Patroclus nods and returns to Achilles.
—————————————
Hades sits beside his office window. He’d given the orders in the morning: kill Orpheus. If the boy dies, his killer will not be asked to work for the rest of their time in the underworld. His plan would soon succeed. His shades would end the fool’s life and finally, finally, Hades would have his kingdom back. It had only been 48 hours or so since Orpheus’s failed serenade, but it had felt like an eternity.
Hades reaches for his wine glass. The portrait he’d torn from the wall catches his eye. Persephone, smiling, a babe at her knee. It had been a long while since he’d seen that child. Dionysus, god of wine and madness. He visited the underworld plenty, once or more every winter. Never the tower, though. He only knew the boy had come by because his wife would return, drunk out of her mind. He’d drag her to bed and every time, he’d bribe Hypnos to keep his dear Persephone asleep an extra few hours, to let her sleep off the hangover. Dionysus could wash away her intoxication with a wave of his hand. He used to. But for a long while now, she’d return drunk. Upon her request, Hades knew. He tried now not to feel the sting of this fact. His own wife would rather be blackout drunk than speak to him.
Still, he loves her. He’d laid a thousand miles of wires to brighten his kingdom, to mimic the sun she so loved. And she’d complained it was too bright. He’d let her have a wide stretch of land to attempt to grow a garden. He’d tended it with her, but still, the plants wilted. And now he had let Orpheus tear out his heart for Persephone. He’d done everything for her, nearly lost everything for her, and still, she hates him.
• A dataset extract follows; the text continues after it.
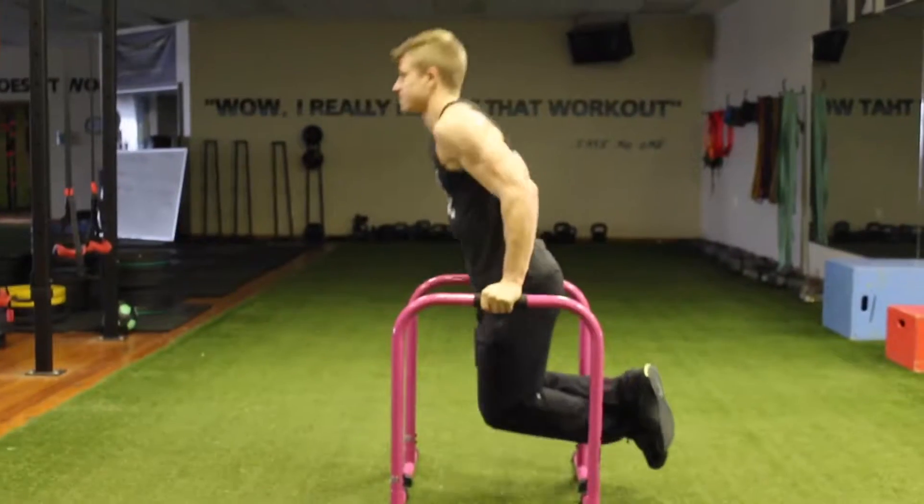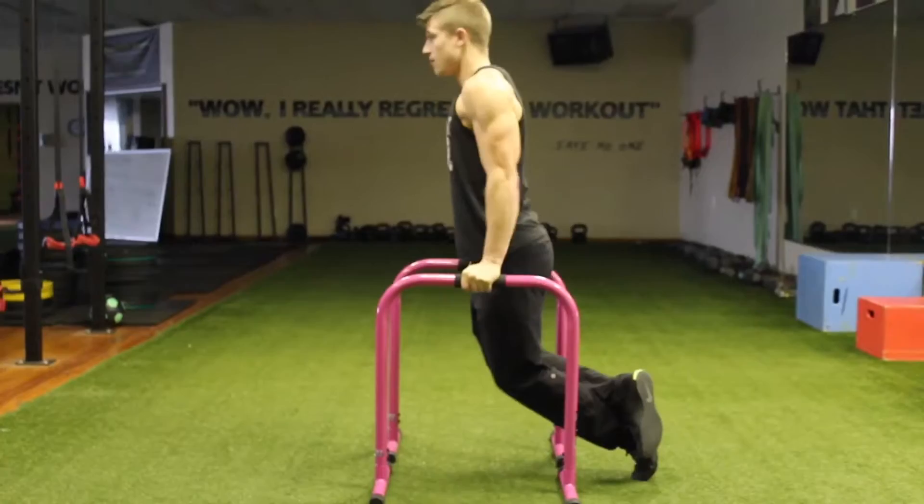What is up guys, John here with Technique Tuesday. First, we're going over the dip. These are good variations of the dip with some assisted and unassisted versions.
Hades lifts the painting from the ground and lays it across his desk. He sees his labors. To keep his hold on the underworld and his wife’s affection, if she has any left. He must prioritize his realm. He loves her, more than any kingdom, but the binds of death must not be unwound, Hades knows. The mortal realm his wife so loves would wither without death. It cannot be overrun by fleeing shades. His kingdom is his responsibility, and he must keep it in check. And so he tucks the painting into a drawer, gone from sight, gone from mind.
————————————
Hermes was beginning to wonder if Zeus could think up a worse punishment than his current circumstances. Dionysus tips his head back and chugs another flask of wine. “Want some?” he offers, for what must be the thousandth time.
Hermes sighs. “Yes.”
“Aha! Finally! The best of the best for you, my friend.” He holds out the flask and curtseys, sloshing wine over his tunic.
Hermes pinches the bridge of his nose. “Read the room,” he mutters.
“What?”
“I said thanks,” he lies. He takes a sip. The wine is incredible, better than any mortal’s best vintage.
“My dear flower, light in my eye, the sun to my sky...” Apollo recites.
Hermes wants to scream. His son is probably miserable, cast into Tartarus or locked in a cell somewhere, and here he is, listening to Apollo memorizing lines for Hyacinthus, who’s probably so deep under the Lethe’s amnesia that he won’t remember who the god is. He takes another sip of wine. “Dionysus!”
“Yes?” Dionysus laughs.
Hermes grits his teeth. Intoxication is no help to Dionysus’s ability to understand the severity of the situation. “Promise me something.”
“Anything.”
“You’ll undo the effects of your alcohol on me before we get to Hadestown.”
“Sure.”
“Excellent. Now, do you have something stronger?”
“‘Course! Here.”
Hermes drinks. The alcohol burns his throat. He forces himself not to cough.
“Too strong?”
“Mm.” Hermes clears his thoat. “Not at all.” He finishes the flask.
—————————————
“Show yourself!” Achilles shouts. Patroclus stands back to back with him, armed with a pickaxe from the mines.
“I don’t think you’re in much of a place to be making demands.” The voice echoes from every corner of the greenhouse.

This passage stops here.